Es, por ende, comprensible que Jorge Oteiza mencione a Maiakovski, Huidobro y Vallejo. Al margen de contagios literarios (siempre benéficos cuando se asimilan y reconocen), existió la amistad entre los tres poetas, cuya vida transcurre paralela a la de Jorge y cimienta una fraternidad que trasciende la lejanía, la ausencia o la muerte. Pensemos en Vallejo y en España, aparta de mí este cáliz, ya que el “gran cholo” fue, de los tres antes mencionados, quien tuvo mayor afinidad de espíritu –y quizás de técnica- con nuestro hombre de Orio. De cualquier manera, juzgo que tanto Huidobro como Vallejo aprobarían las palabras de Jorge, tan iluminadoras éstas, que no me atrevo a comentarlas: “Intentemos escribir, comprender, nombrar, alcanzar con la punta de los dedos lo que sospechamos que nos falta.
Es obligado, no obstante, precisar lo que separa la poesía de Oteiza de la de dichos poetas. Vallejo, cuya influencia posterior fue mundial y, posiblemente, más importante que la del propio Neruda, afronta un universo que le sobrepasa. Su esfuerzo por ordenar el mundo, para darle coherencia, es magnífico y patético. Al final, su útil singular, el lenguaje, se deshace, se escapa, deslízase entre sus dedos. La desintegración semántica y sintáctica de Vallejo corre parejas con su incapacidad de dar a lo que le rodea un poco de espesor o de rigidez. Recordemos cómo su tartamudeo, esa sintaxis balbuciente y fracturada, nos procura una emoción fuerte, nos llega hasta la médula. Mas este desarreglo, lejos de ser involuntario, es provocado: hallamos una carencia magistralmente aprovechada.

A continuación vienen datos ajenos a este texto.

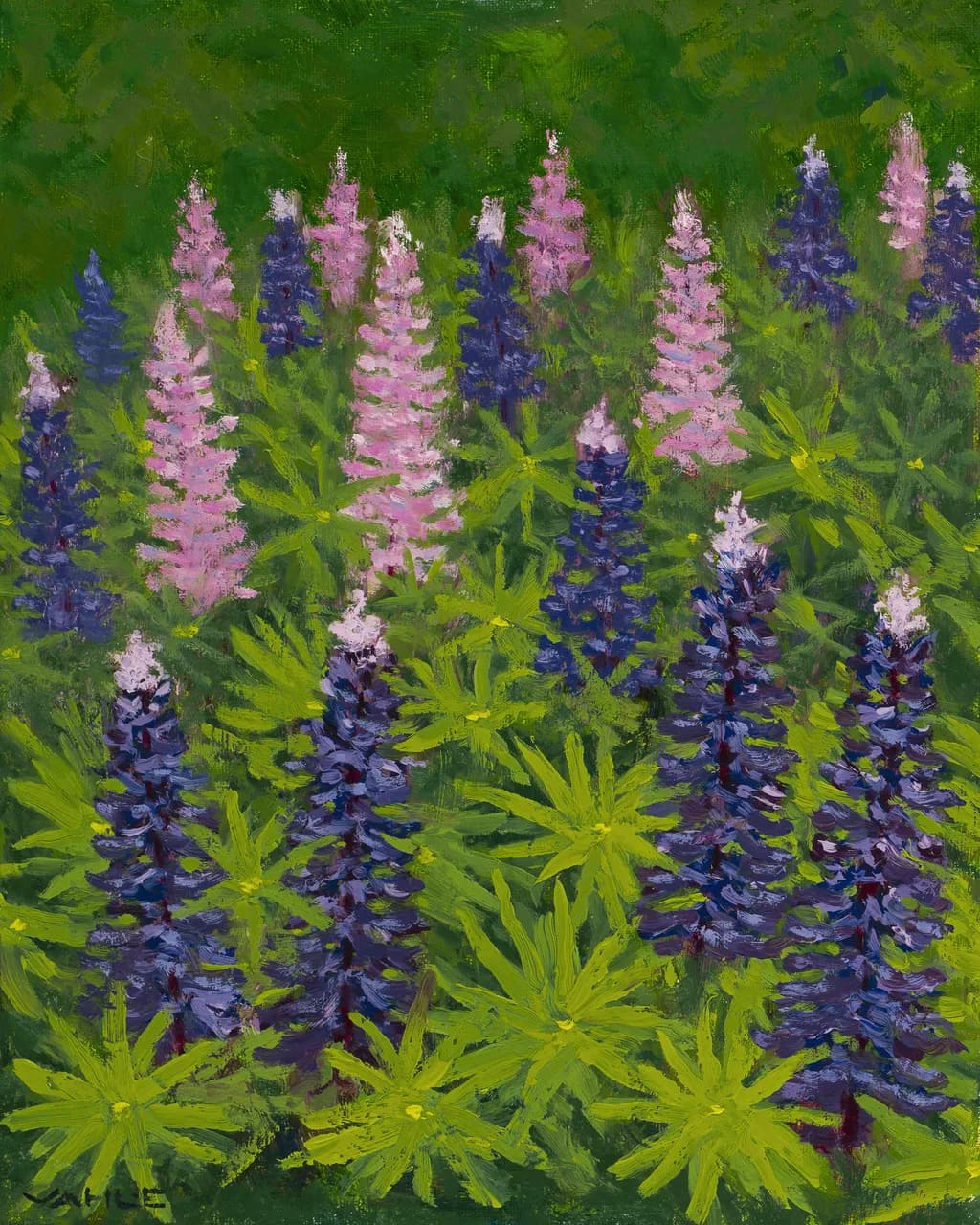 Lupine Land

De Vallejo a Huidobro. En este caso, la articulación es diferente. El autor de Altazor -o Alto azor- somete la experiencia objetiva a la aventura estética que le otorga el lenguaje. Se hablará de polisemia, de ambigüedad, de ambivalencia, resaltando, incluso, la pura fonética. Esta renuncia, esta suerte de desmantelamiento (¿enriquecimiento?), no es fruto de la casualidad; bien al contrario, es algo buscado. El poeta chileno, especulativo y desdoblándose en un ser estrictamente literario, nos ha legado una obra impar, donde lo subjetivo y el culto a la palabra (un objeto que se privilegia) son el centro. Pero él lo paga perdiendo el mundo.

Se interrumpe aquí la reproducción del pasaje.